New Orleans has been enjoying a boom time for barbecue. The same is true for boudin. Satisfying a craving for either once required some travel, though both are now well-represented by purveyors in the city.And yet lately what's set me eagerly ambling down the road again is a new obsession at the intersection of the two.
Gonzo‘s Smokehouse & BBQ is a new shop in Luling that’s open Fridays only. But it’s been earning a name in local barbecue circles for years with its Central Texas approach, a stripped down, plainspoken style defined by dry rubs, patience and, above all, brisket. Gonzo's cut a different path with its boudin however.
This looks much as you’d expect from good Cajun butcher shop — a plump link straining at the casing, mottled with the rice and meat and flecks of green onion within. But that whiff of smoke you detect is not just coming from the smoldering barbecue trailer out back.
Specialty links from Gonzo’s are made with smoked beef; that's either brisket, the same the shop sells by the pound and packs into sandwiches, or barbacoa, here a rendition of slow-smoked beef cheeks.
This is different from smoked boudin — a wonderful cornerstone of some Cajun butcher shops where the whole pork link is smoked. The beauty of these bad boys is the variation of flavor and texture.
The brisket boudin from Gonzo’s adds another dimension. The smoky, salty, crusted beef provides the X factor in the equation, bursting with rich flavor that changes bite by bite between the soft rice and seams of spice. You might get a chunk of barbecue in one nibble and a lighter taste of its smokiness in the next.
Take a look at a link cut open in profile and you might see a hunk of beef with its purplish smoke ring embedded in a wreath of meaty rice. It’s all flavor.
Brisket boudin has turned up and turn heads in Texas barbecue country. We now have a version a little closer to Louisiana boudin country. The gonzo pit master behind this is Jason Gonzalez. He grew up on the west bank cooking with his family in the Louisiana way and took on barbecue later. It was a hobby that grew into a passion that became a side hustle.
He started Gonzo’s Smokehouse and BBQ as a mobile festival vendor a few years back. The business was growing to the point where in December he decided to leave his career track job at an engineering firm to take Gonzo’s fulltime. Because this is 2020, you already see the cliff ahead for this plan. The robust festival calendar he was banking on was swept away by the pandemic.

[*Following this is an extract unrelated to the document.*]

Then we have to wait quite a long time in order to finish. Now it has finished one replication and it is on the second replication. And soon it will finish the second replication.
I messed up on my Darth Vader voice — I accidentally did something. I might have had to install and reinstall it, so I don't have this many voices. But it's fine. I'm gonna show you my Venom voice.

But over the summer, he decided to open up a storefront location. He chose Luling because it’s close to family, close to the industrial plants where he does catering work, and, importantly, because it was affordable.
He gets some help on Fridays for prepping and serving, but in the preceding days, Gonzalez works solo behind the shop. He has twin smokers, each fabricated from 500-gallon propane tanks, each mounted to the same trailer. It's like some double-barrel "Mad Max" contraption but with a heart of gold touch: Each smoker is named in honor of a grandma, Mabel and Patsy.

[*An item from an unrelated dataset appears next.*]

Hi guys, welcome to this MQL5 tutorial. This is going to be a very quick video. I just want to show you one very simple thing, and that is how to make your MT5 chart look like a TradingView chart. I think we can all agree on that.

The shop is in a strip mall facing the levee a few miles from the Hale Boggs bridge. It would be easy to overlook, but most people do not show up here by happenstance.
Many Gonzo’s regulars pre-order and have pick-up times firmly in mind as their Fridays begin.

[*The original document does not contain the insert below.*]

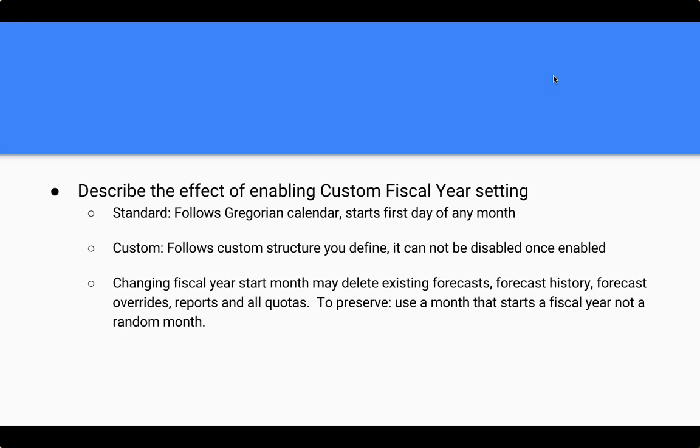The key thing to note, though, is that once you change your fiscal year to custom, you won't be able to disable it, right? So that's something that you really need to discuss with your organization before setting that up. So once you change your fiscal year, it may delete existing forecasts, forecast history, forecast overrides, reports, and all quotas. So if you are using the standard setting at this moment and you change it to the custom setting, know that you will lose some data. However, to preserve this, you should use a month that starts a fiscal year and not a random month. So Salesforce gives you some of those options, and so you'll need to do that.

They're coming for pulled pork that flakes apart under a darkened, salty surface, and pork belly burnt ends that pop with fatty flavor and char. They get sides like grits with gouda folded in and mac and cheese studded with bits of chorizo.
Many are coming for Gonzo’s brisket all on its own, with its variegated inner color, a beef flavor as vivid as jus and deep as marrow and the craggy, glistening black bark of its crust.
Gonzo’s shop is as spare and stripped down as the menu — all orders are served to go, whether you order ahead or walk up. Gonzalez plans to add dine-in service at a small collection of tables in about a month. For now, though, the bare bones approach has proved durable enough through the pandemic.
So many rituals of local life are off or altered now. But fall still puts Louisiana people on the road, even if that football tailgate is in a buddy's backyard and the family gatherings are in the driveway instead of the den. It’s nice to bring something special to the party. In Luling, Gonzo’s is smoking up some special stuff just up the road.